# [Work to be completed]
Below is a listing to write out in full, exactly as given, without its pictures.

[Raw data — start]

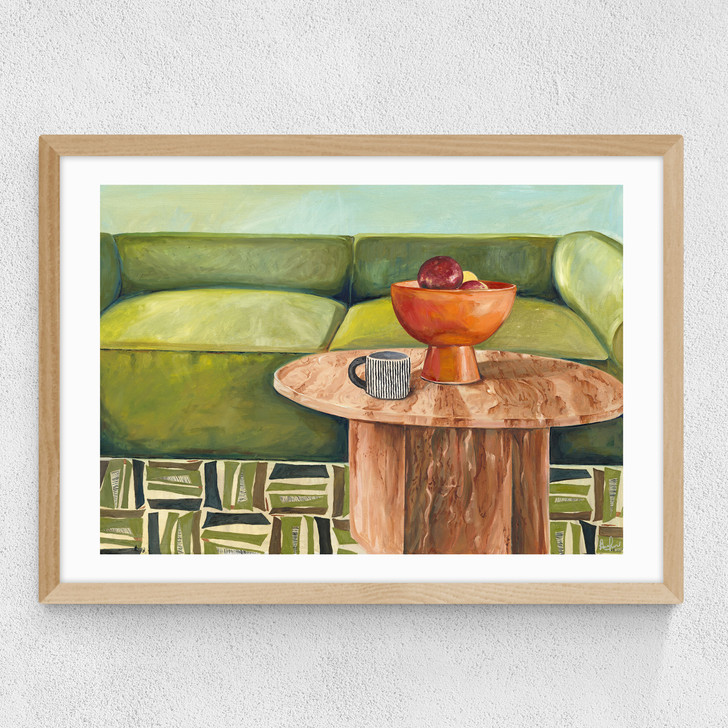 Green Velvet Medium Oak Frame
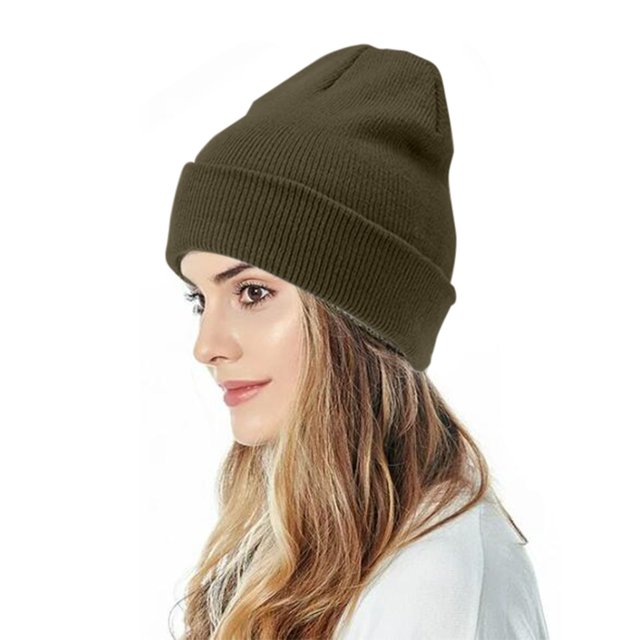 Bérets à Moins de 5 $ Bruns Unisexe Bonnet Tricoté Automne et Hiver Couple Simple Bonnet à Enfiler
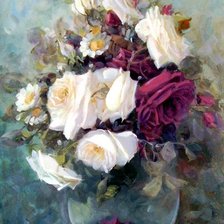 Схема вышивки «розы в стеклянной вазе»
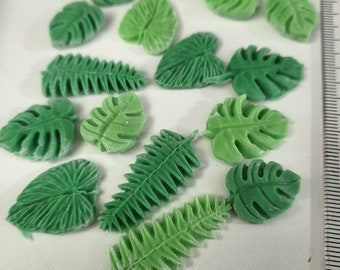 34 mini edible fondant leaf/leaves cake toppers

[Raw data — finish]

# [Task answer]
 Green Velvet Medium Oak Frame
 Bérets à Moins de 5 $ Bruns Unisexe Bonnet Tricoté Automne et Hiver Couple Simple Bonnet à Enfiler
 Схема вышивки «розы в стеклянной вазе»
 34 mini edible fondant leaf/leaves cake toppers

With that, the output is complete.